◆ **DATASET**:
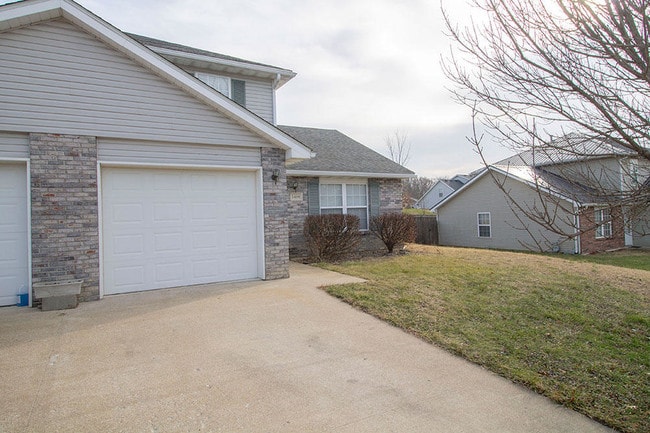 Foto del edificio - 1408 Godas Cir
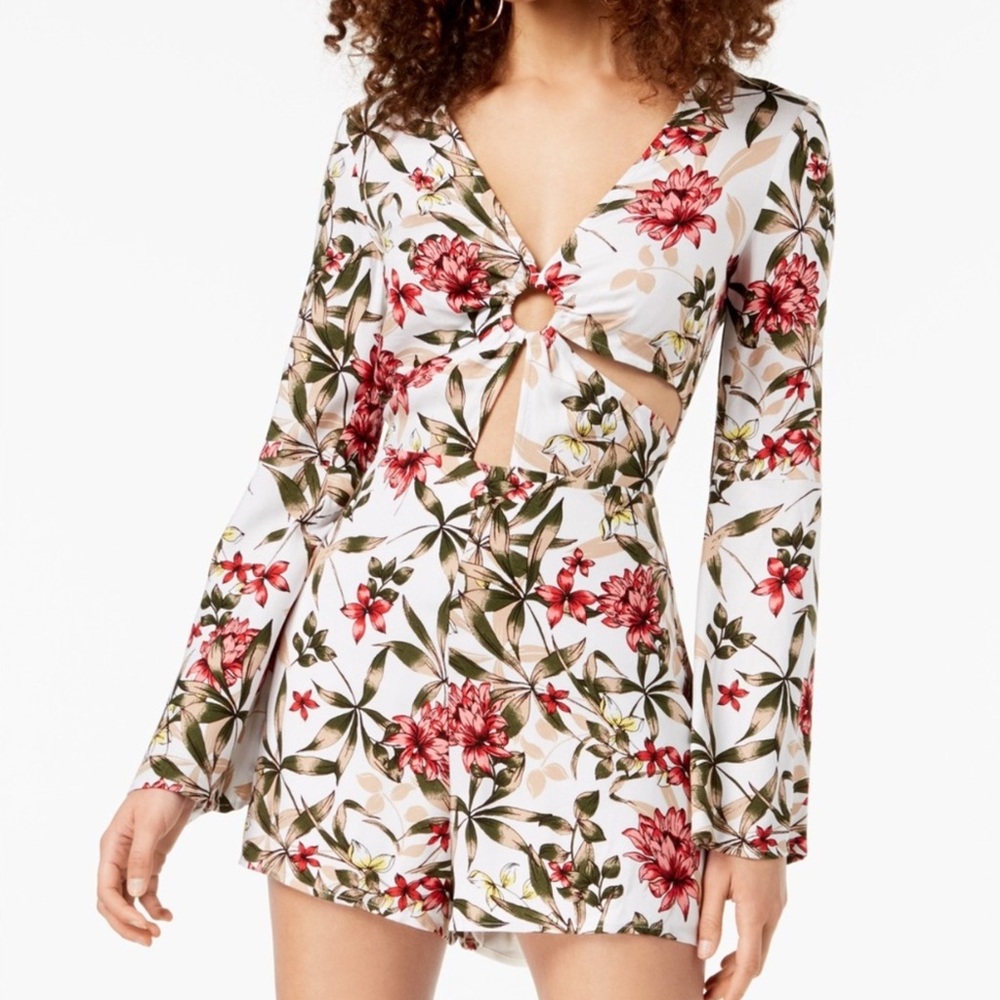 🌟🌟 Bell Sleeves Cutout Front Floral Romper - Picture 3 of 4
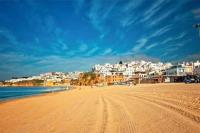 Casa dos Sinos Beach Apartment 1 with Roof Terrace - B&B Albufeira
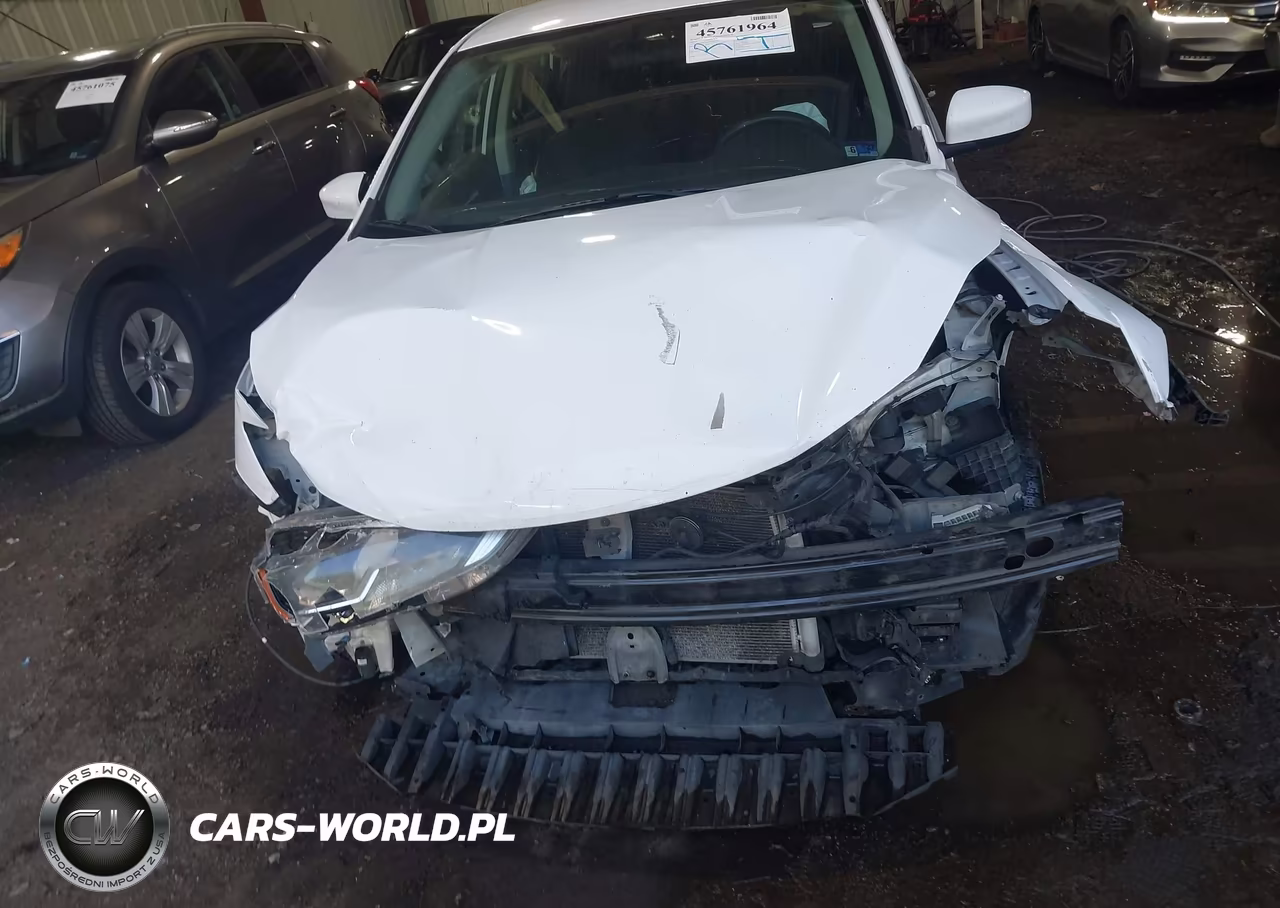 2018 Nissan Sentra S VIN:3N1AB7AP7JY232771 - 13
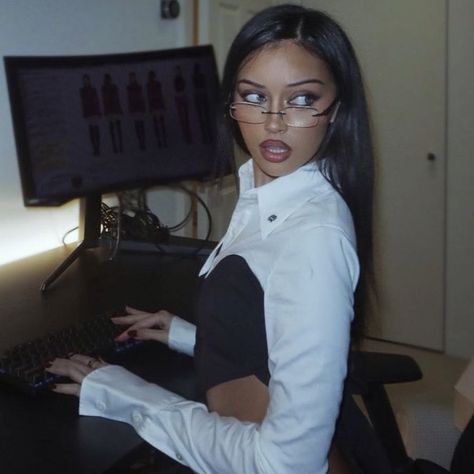 Bonney One Piece, Head Quarters, Cindy Kimberly, Blogger Girl, A Desk, Sirens, Just Girly Things, Office Fashion, Office Outfits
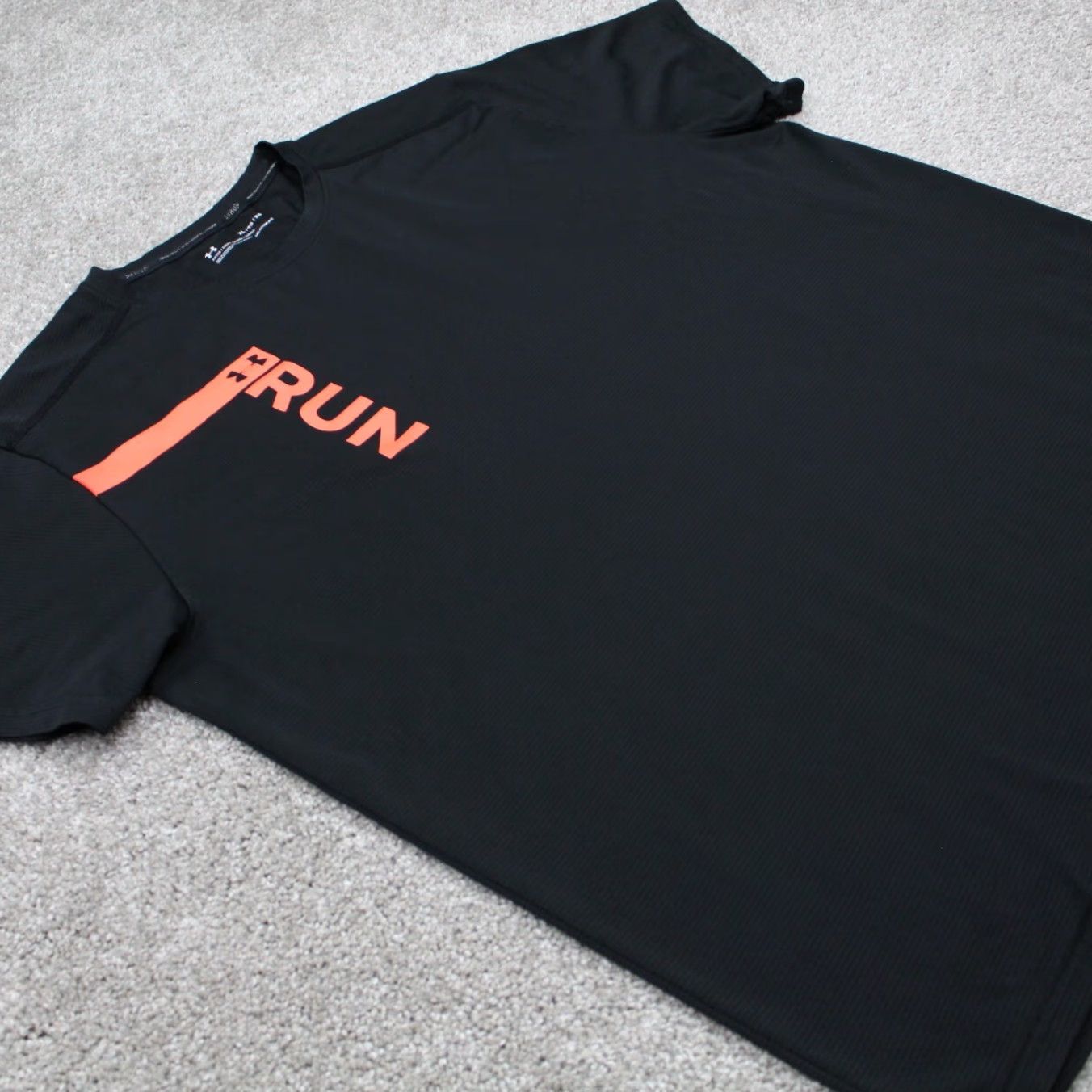 Under Armour Under Armour Run Shirt Mens XL Black UA Fitted HeatGear Short Sleeve Pullover Size US XL / EU 56 / 4 - 5 Thumbnail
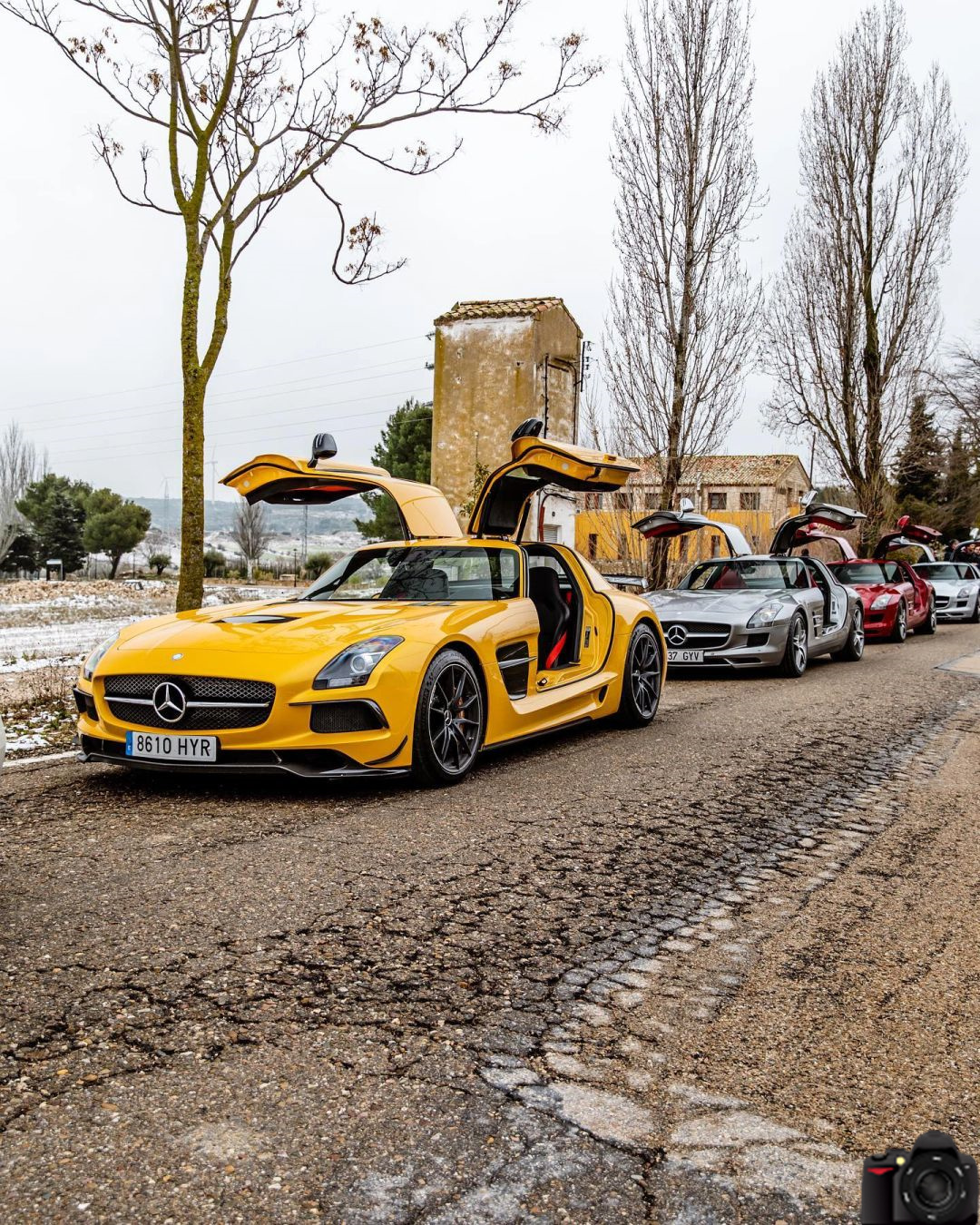 奔驰sls,这款充满传奇色彩的超级跑车,以其独特的设计和卓越的性能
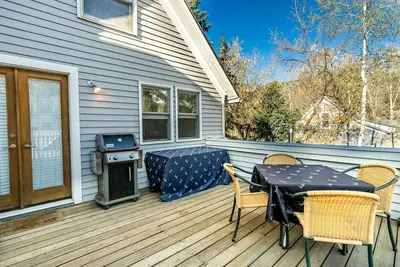 Image de For skiers, by skiers: Ajax-views, steps to town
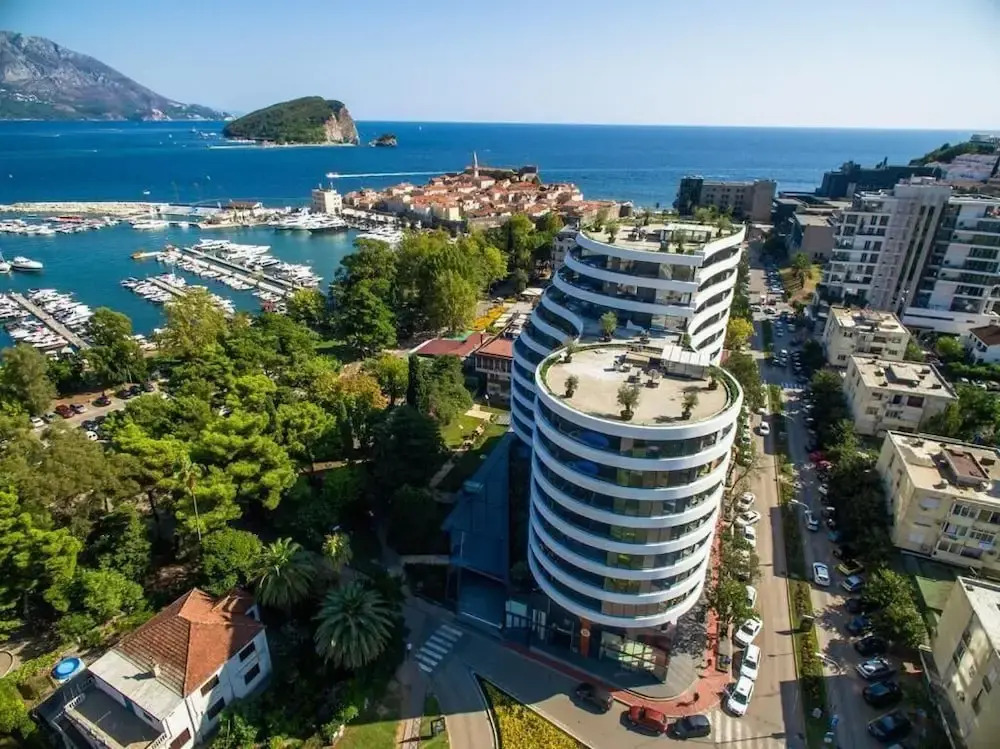 Blue Moon Apartments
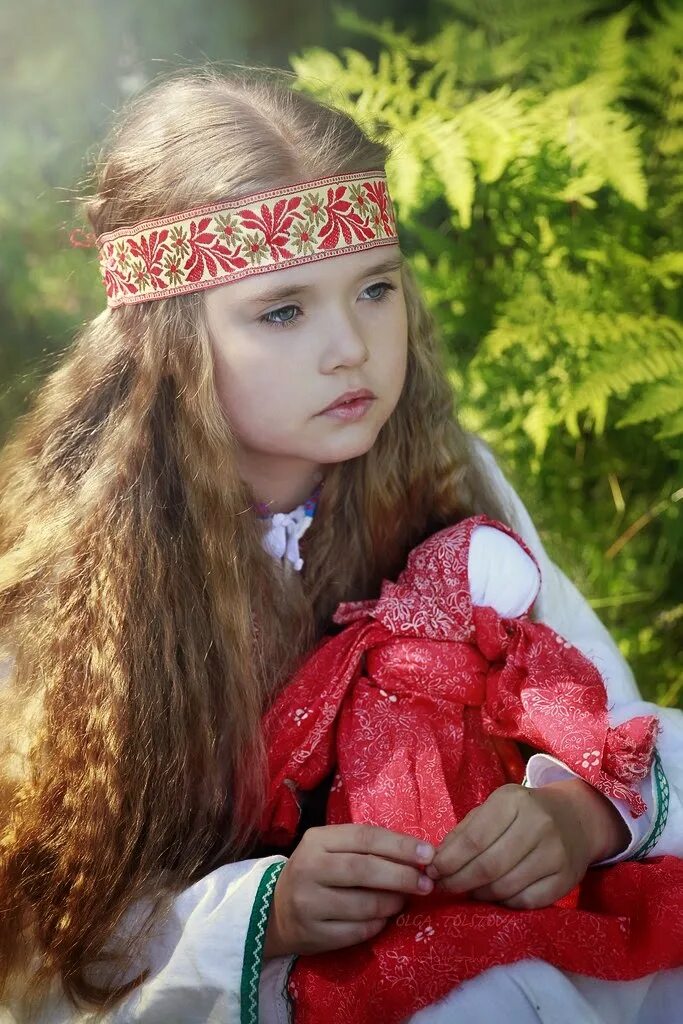 славянская семья. дети в славянских нарядах. славянская культура детям. славяне семья. славянская культура детям.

◆ **YOUR INSTRUCTIONS**:
Restate word for word the lines from the one containing "奔驰sls,这款充满传奇色彩的超级跑车,以其独特的设计和卓越的性能" through the end of the material above, both included, and nothing besides; drop the pictures.

◆ **REPLY**:
 奔驰sls,这款充满传奇色彩的超级跑车,以其独特的设计和卓越的性能
 Image de For skiers, by skiers: Ajax-views, steps to town
 Blue Moon Apartments
 славянская семья. дети в славянских нарядах. славянская культура детям. славяне семья. славянская культура детям.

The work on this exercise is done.